Sin menoscabo de la doctrina elaborada por Humboldt, Mill postula que nadie piensa que la perfección de la conducta humana consista en copiarse exactamente los unos a los otros. Como tampoco puede afirmarse que el juicio o el carácter particular de cada persona debe entrar para nada en su forma de vivir y cuidar sus intereses, y que sería absurdo pretender que los seres humanos vivan como si nada hubiera existido en el mundo antes de su llegada a él, como si la experiencia no hubiera demostrado jamás que cierta manera de vivir o de conducirse resulta preferible a otra cualquiera.
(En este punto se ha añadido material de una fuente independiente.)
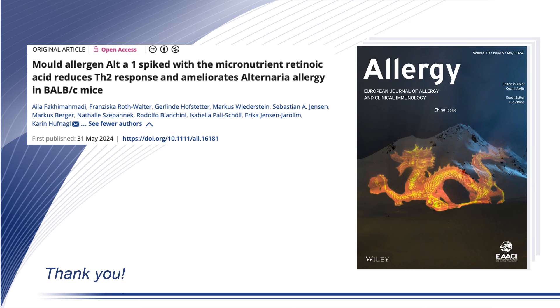Taken together, we could show that holo Alt a 1 bound to retinoic acid was able to alleviate TH2 immunity in vitro, modulate an ongoing TH2 response, and prevent anaphylactic symptoms in vivo. Thus, we propose this as a novel option for improving allergen-specific immunotherapy in Alternaria allergy. Thank you very much for your attention.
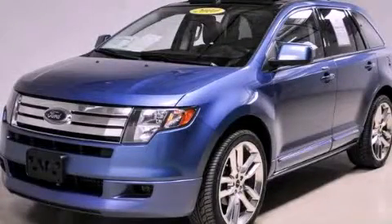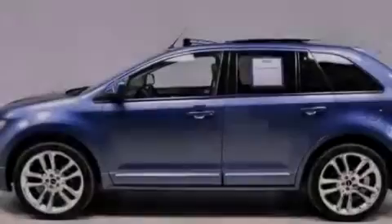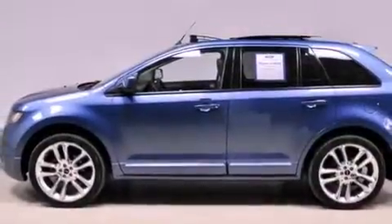This is a 2010 Ford Edge, plenty of space for what you need. It has a 3.5-liter six-cylinder engine and an automatic transmission.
Asimismo, aclara que no pone en tela de juicio que se deba educar e instruir a la juventud con vistas a hacerla aprovechar los resultados conseguidos por la experiencia humana, pero hace la salvedad que el utilizar la experiencia e interpretarla es privilegio y condición propios del ser humano cuando ha llegado a la madurez de sus facultades. Y en ese estadio, él es quien descubre lo que hay de aplicable, en la experiencia adquirida, a sus circunstancias y a su carácter.

Reconoce que las tradiciones y las costumbres de otras personas constituyen, hasta cierto punto, una demostración de lo que les ha enseñado la experiencia y esta supuesta demostración debe ser acogida deferentemente por ellos.  No obstante, su experiencia puede ser muy limitada o puede no haber sido interpretada con rectitud. Su interpretación de la experiencia puede ser correcta pero no convenir a un individuo en particular, ya que las costumbres están hechas para los caracteres acostumbrados y las circunstancias acostumbradas, pero esto no siempre se cumple. Igualmente, aunque las costumbres sean buenas en sí mismas, y convengan bien a una determinada persona, un individuo que se adaptara a la costumbre solo porque es la costumbre, no conserva ni desarrolla en sí ninguna de las cualidades que son atributo distintivo del ser humano.

En virtud de las citadas razones, una de las conclusiones del autor es que “las facultades humanas de percepción, de juicio, de discernimiento, de actividad mental, e incluso de preferencia moral, no se practican más que en virtud de una elección. Quien ejerce algo porque es la costumbre, no hace elección ninguna. No consigue ninguna práctica ni en enjuiciar ni en desear lo mejor. La fuerza mental y moral, lo mismo que la fuerza muscular, no mejoran si no se ejercita. Y no se practican estas facultades obrando de una manera sólo porque otros obran así, como tampoco creyendo nada más los que otros creen. Si alguien elige una opinión sin que sus premisas le parezcan concluyentes, su razón no quedará con ello fortalecida, sino probablemente debilitada.”

Aunque no es posible sintetizar todas las vertientes del ensayo en cuestión, en apretada síntesis, de las ideas citadas se aprecia cual es el eje central en torno al cual gira la cosmovisión de su autor.

El Estado y la sociedad no deben intervenir, ni mucho menos castigar y perseguir a las personas por su forma de pensar, ni por expresar libremente sus ideas, o por sus preferencias y estilo de vida, siempre que estas no afecten al prójimo.

Libertad es sinónimo de progreso, y no puede haber progreso social si el Estado, los gobernantes y la sociedad no garantizan el ejercicio de la libertad individual, el libre desarrollo de la personalidad del individuo, y si esta no se concibe como la esencia y condición de la educación, la cultura y la civilización.

Cuando observamos la mayoría de las sociedades del mundo actual, desde Oriente, China, Rusia, la India, Corea del Norte, Cuba, Venezuela, Nicaragua, hasta muchos de los países denominados democráticos y del “mundo libre” en los cuales, por diversas razones, se han adoptado legislaciones restrictivas de las libertades públicas y los derechos civiles de las personas, es preciso concluir que una buena parte de las ideas esenciales de John Stuart Mill cobran más vigencia que nunca, no obstante haber sido reconocidas en forma de derechos humanos y fundamentales en los instrumentos jurídicos internacionales de derechos humanos y en la mayoría de las constituciones del planeta.